The building is being developed by Lincoln Property and Kairoi Residential, but when the project was announced in 2019, there were several reports that WeWork was one of the owners of the scheme. By 2022, when the groundbreaking was announced, there was no mention of the company at all. 

WeWork’s 2022 accounts show that a three-way joint venture with two other unnamed parties does indeed own an 8% stake in the project through a subsidiary called WeWork Waller Creek. Lincoln declined to comment on whether WeWork was involved in the project or would be taking space at the scheme. 

For WeWork, the big challenge is making its core coworking business profitable. The company announced this week the expiration and results of a notes exchange offer, a restructuring with SoftBank that sees debt converted to equity and its debt pile reduce by about $1.4B. S&P said that amounted to a selective default on its debt.

All eyes will be on its Q1 results Tuesday, May 9, especially its occupancy and profitability figures.
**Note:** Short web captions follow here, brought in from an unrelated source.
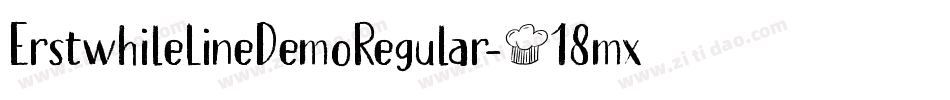 ErstwhileLineDemoRegular-518mx字体转换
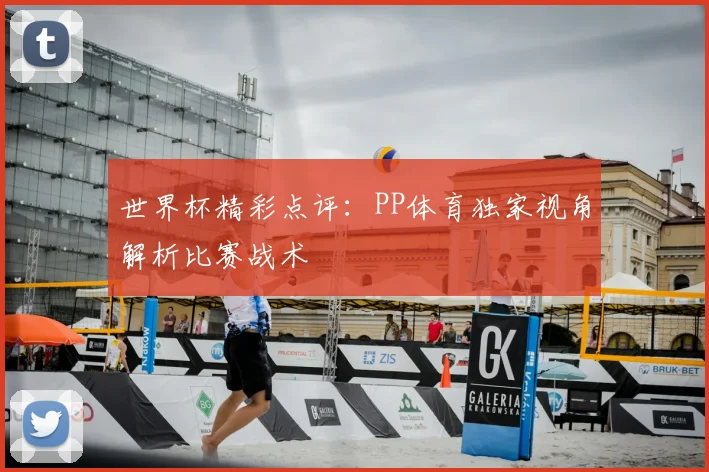 世界杯精彩点评:PP体育独家视角解析比赛战术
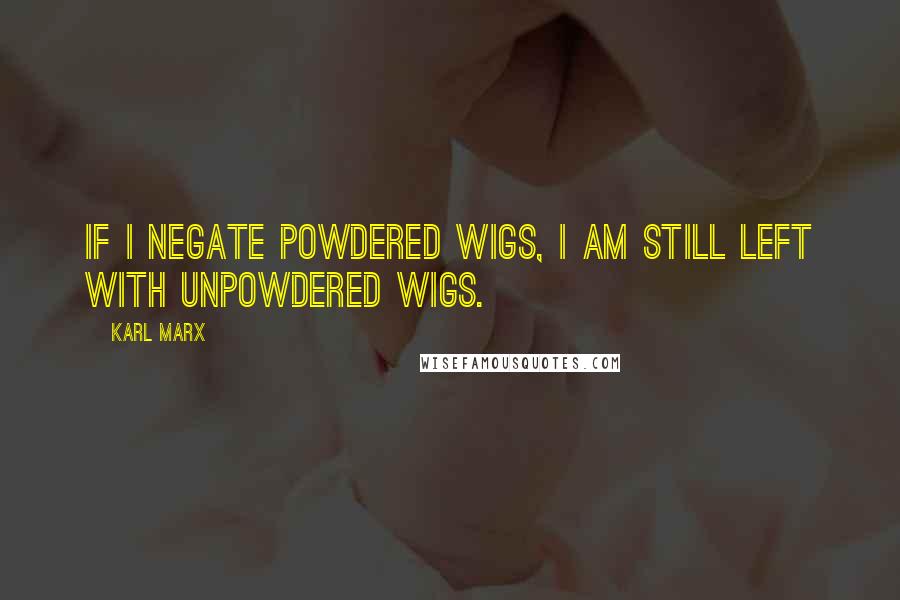 Karl Marx Quotes: If I negate powdered wigs, I am still left with unpowdered wigs.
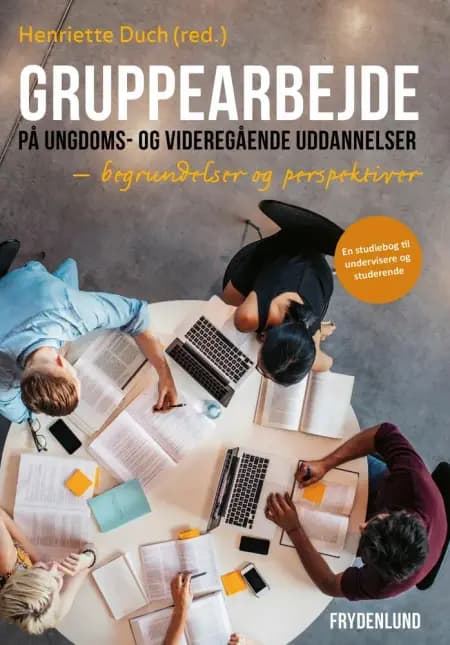 Gruppearbejde på ungdoms- og videregående uddannelser af Henriette Duch
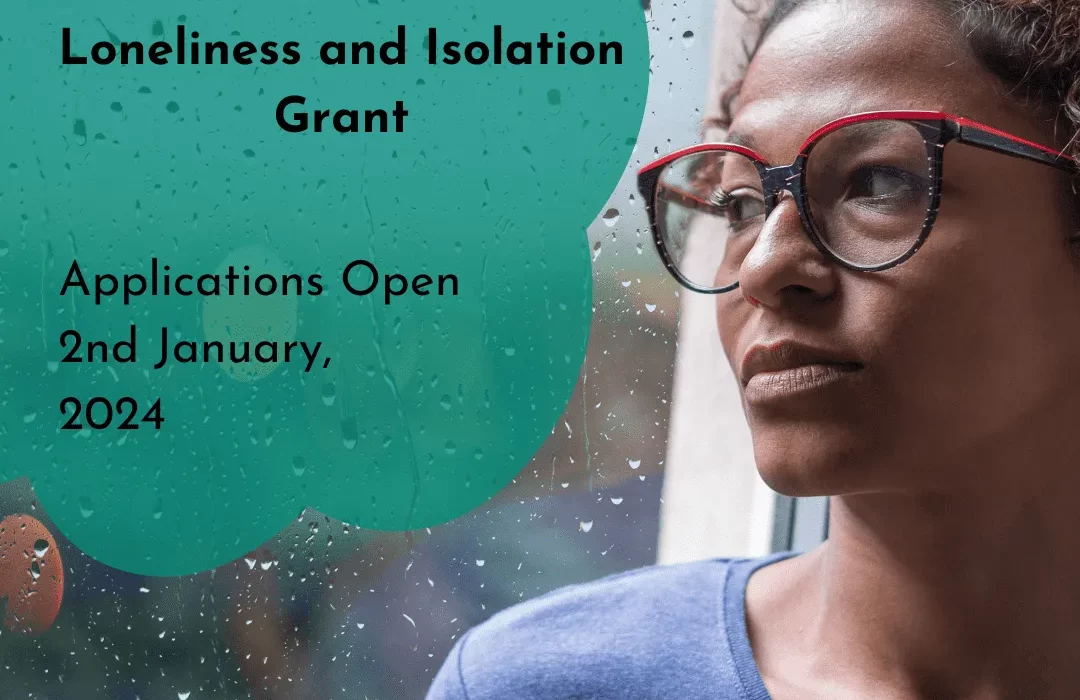 Lonliness and Isolation Grant - Applications Open
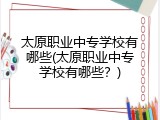 太原职业中专学校有哪些(太原职业中专学校有哪些？)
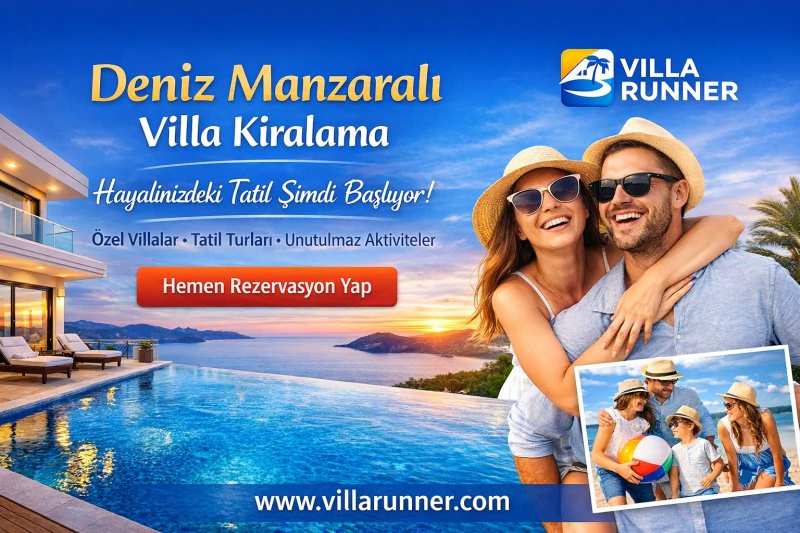 Deniz Manzaralı Villa Kiralama ile Tatilinizi Özgürce Planlayın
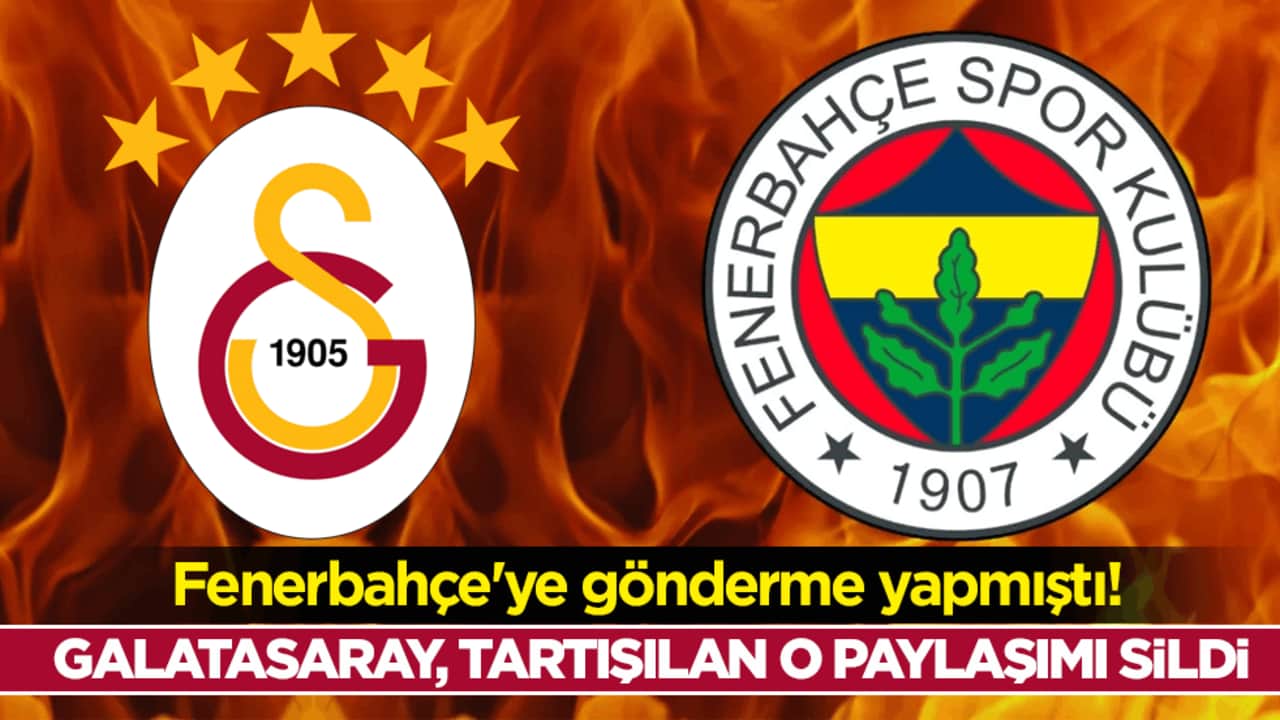 Fenerbahçe'ye gönderme yapmıştı! Galatasaray, tartışılan o paylaşımı sildi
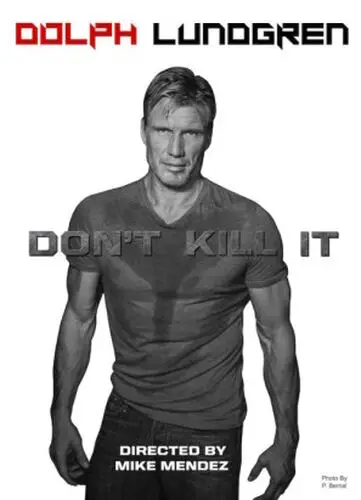 Don t Kill It 2016 Wall Poster picture 674909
WeWork finally listed via a SPAC in October 2021, with its shares priced at $10. They are valued today at less than 50 cents. 

Piper Sandler’s Goldfarb is a believer that Mathrani can turn the company around.

“After Meghan and Harry, WeWork is who people like to throw bricks at most,” he said, pointing to its restructured debt, meaning the company has no significant maturities until 2027, and the fact Mathrani is doing a good job streamlining the company.

But Mizuho’s Malhotra was more bearish. Projections of when the company will become cash-flow positive have been pushed out from 2023 to 2025. And the company’s forecast that it will raise the current occupancy level of 75% to 82% by the end of this year and to 88% by the end of 2024 seems optimistic in a tough job market, he said.

“We’re sceptical,” Malhotra said.

UPDATE, MAY 3, 5:23 P.M. ET: Bisnow has confirmed that the Ark JV between Ivanhoé, WeWork and other investors bought only two properties. The story has been updated. 

CORRECTION, MAY 5, 2:09 P.M. ET: An earlier version of this story had the incorrect title for Marie Dormeuil. It has been updated.